Finley has come to this desert retreat to try to persuade Elster to star in his movie: the documentary would feature this aging man talking about the war, his time in government and whatever else he wants to discuss.

In New York Finley once introduced Elster to a movie called “24 Hour Psycho" at the Museum of Modern Art: an actual Conceptual art piece by Douglas Gordon showing the Hitchcock film in such slow motion that it takes 24 hours to screen. That piece raises some of the same themes that Mr. DeLillo appears to want to explore in these pages — reality and perception, identity and duplicity. It is the same work that Jessie (and possibly a man who has been following Jessie) has seen out of a desire to watch a movie in which, as she puts it, “nothing happening” seems to be the entire point.

Jessie is a strange young woman with a tendency to lapse into moods in which “she seemed deadened to anything that might bring a response.”

“Her look had an abridged quality, it wasn’t reaching the wall or window,” Finley says. “I found it disturbing to watch her, knowing that she didn’t feel watched.”

Jessie’s mother — Elster’s estranged wife — has sent her out to the desert to get her away from a man whom she has gotten to know in New York.

Though Jessie’s arrival slightly shifts the dynamic between Elster and Finley, little happens for days. The three sit around together or apart. They eat sandwiches, talk about going on an expedition to look for bighorn sheep.

Finley has fantasies about having sex with Jessie; he asks her to sit with him and takes her hand, but she gives “no sign that she’d noticed.” And then, one day, when Elster and Finley return from a grocery run, the house is empty: Jessie is gone, vanished, nowhere to be found.

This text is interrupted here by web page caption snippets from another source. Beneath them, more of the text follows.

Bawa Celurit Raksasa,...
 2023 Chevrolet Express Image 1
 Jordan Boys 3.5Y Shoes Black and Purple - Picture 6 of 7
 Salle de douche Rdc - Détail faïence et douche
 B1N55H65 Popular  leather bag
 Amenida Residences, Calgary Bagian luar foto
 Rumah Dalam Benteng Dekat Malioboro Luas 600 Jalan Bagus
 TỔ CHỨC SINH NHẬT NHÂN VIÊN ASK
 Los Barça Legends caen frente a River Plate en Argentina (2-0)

Although Mr. DeLillo extracts considerable suspense from his story, while building a Pinteresque sense of dread, there is something suffocating and airless about this entire production. Unlike the people in his most memorable novels, the three characters here do not live in a recognizable America or recognizable reality — rather, they feel like roles written for a stylized and highly contrived theater piece: Elster, a paper tiger set up for a fall; Finley, his interlocutor, a forgettable loser; and Jessie, the sylphlike victim, whose disappearance will teach her father a lesson. They are roles desperately in need of actors to flesh them out and give them life.